Solana Co. Could Dominate Public Treasuries

Pantera already disclosed deploying around $300 million into digital asset treasury (DAT) firms across multiple tokens. However, Solana remains the centerpiece of its plan. The company stressed that “the most important element of a DAT’s success is the long-term investment merit of the underlying token.”

Besides Pantera, smaller Nasdaq-listed firms are also expanding their Solana holdings. DeFi Development Corp, which pivoted from real estate financing into AI and blockchain, doubled its reserves to 163,000 SOL worth $21 million. 

Similarly, Classover, an edtech firm, purchased 6,500 SOL as part of a $500 million note program. Canadian companies such as SOL Strategies and Torrent Capital added $62 million and $6.4 million, respectively. 

Collectively, public treasuries now hold over $695 million worth of Solana, around 0.69% of total supply.
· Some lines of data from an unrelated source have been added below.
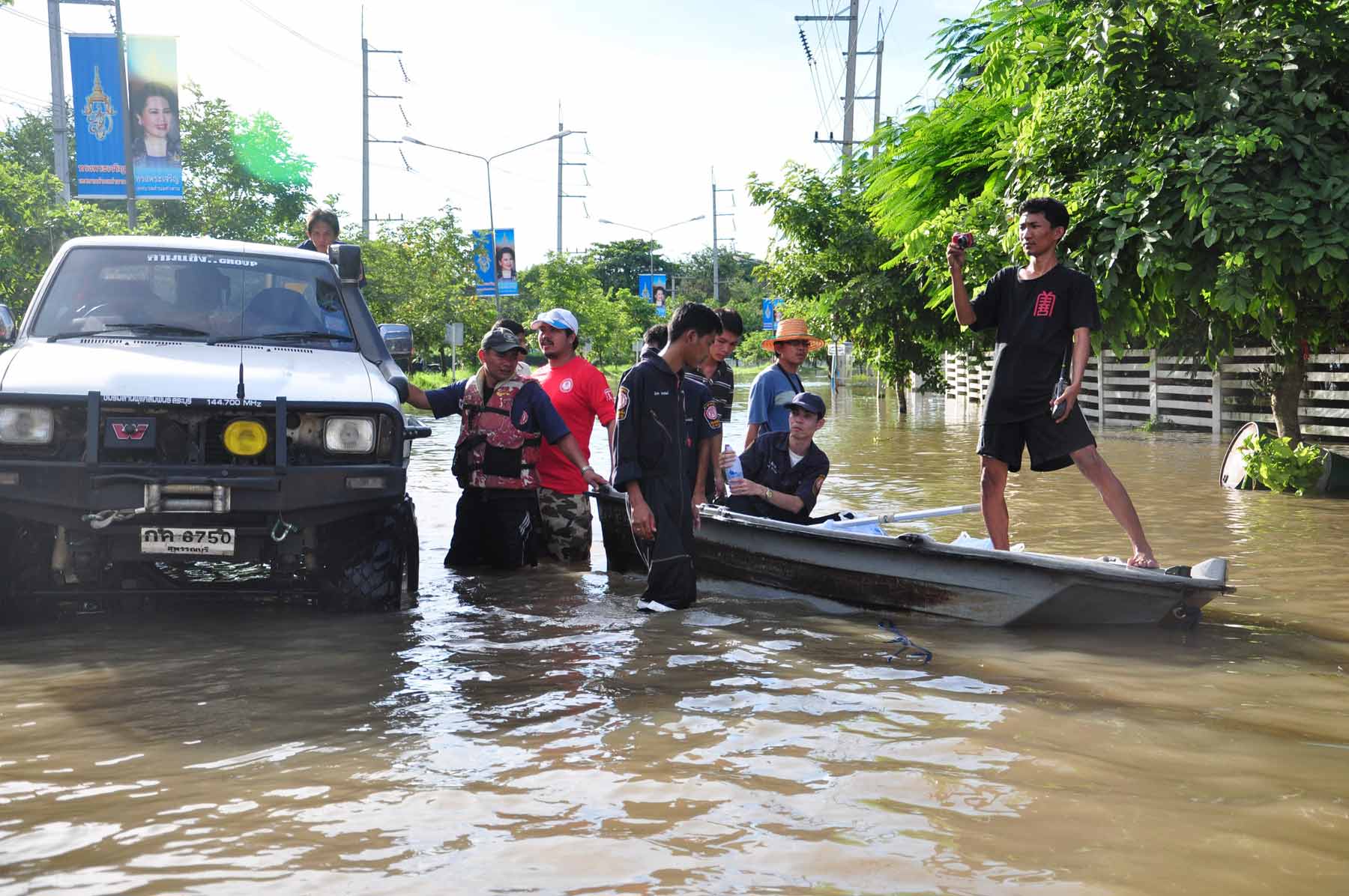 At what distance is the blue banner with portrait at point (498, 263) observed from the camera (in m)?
48.3

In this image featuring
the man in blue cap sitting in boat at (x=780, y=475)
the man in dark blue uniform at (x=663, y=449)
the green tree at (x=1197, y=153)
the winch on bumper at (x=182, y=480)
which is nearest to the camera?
the winch on bumper at (x=182, y=480)

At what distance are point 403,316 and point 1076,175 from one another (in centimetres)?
3871

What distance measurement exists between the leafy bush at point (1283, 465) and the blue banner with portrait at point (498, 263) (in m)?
36.8

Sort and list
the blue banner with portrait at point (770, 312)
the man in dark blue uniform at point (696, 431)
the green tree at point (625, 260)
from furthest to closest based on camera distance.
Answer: the green tree at point (625, 260)
the blue banner with portrait at point (770, 312)
the man in dark blue uniform at point (696, 431)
If Pantera’s proposal succeeds, Solana Co. alone would eclipse that entire figure.

Institutional Support and Market Risks

Shawn Young, chief analyst at MEXC Research, noted the symbolic weight of the plan. “This would give the market an impression that Solana is moving beyond being a retail-driven chain to one with credible institutional sponsorship at scale,” he explained.

However, Young also warned about concentration risks. One company controlling a large chunk of liquidity could distort Solana’s trading dynamics. He compared it to Bitcoin treasury firms such as MicroStrategy. While those firms boosted credibility, they also created scenarios where corporate balance sheets carried disproportionate influence on market narratives.

Pantera’s bold plan could transform Solana’s position in institutional finance. However, the concentration of tokens in a single treasury raises both credibility and volatility risks.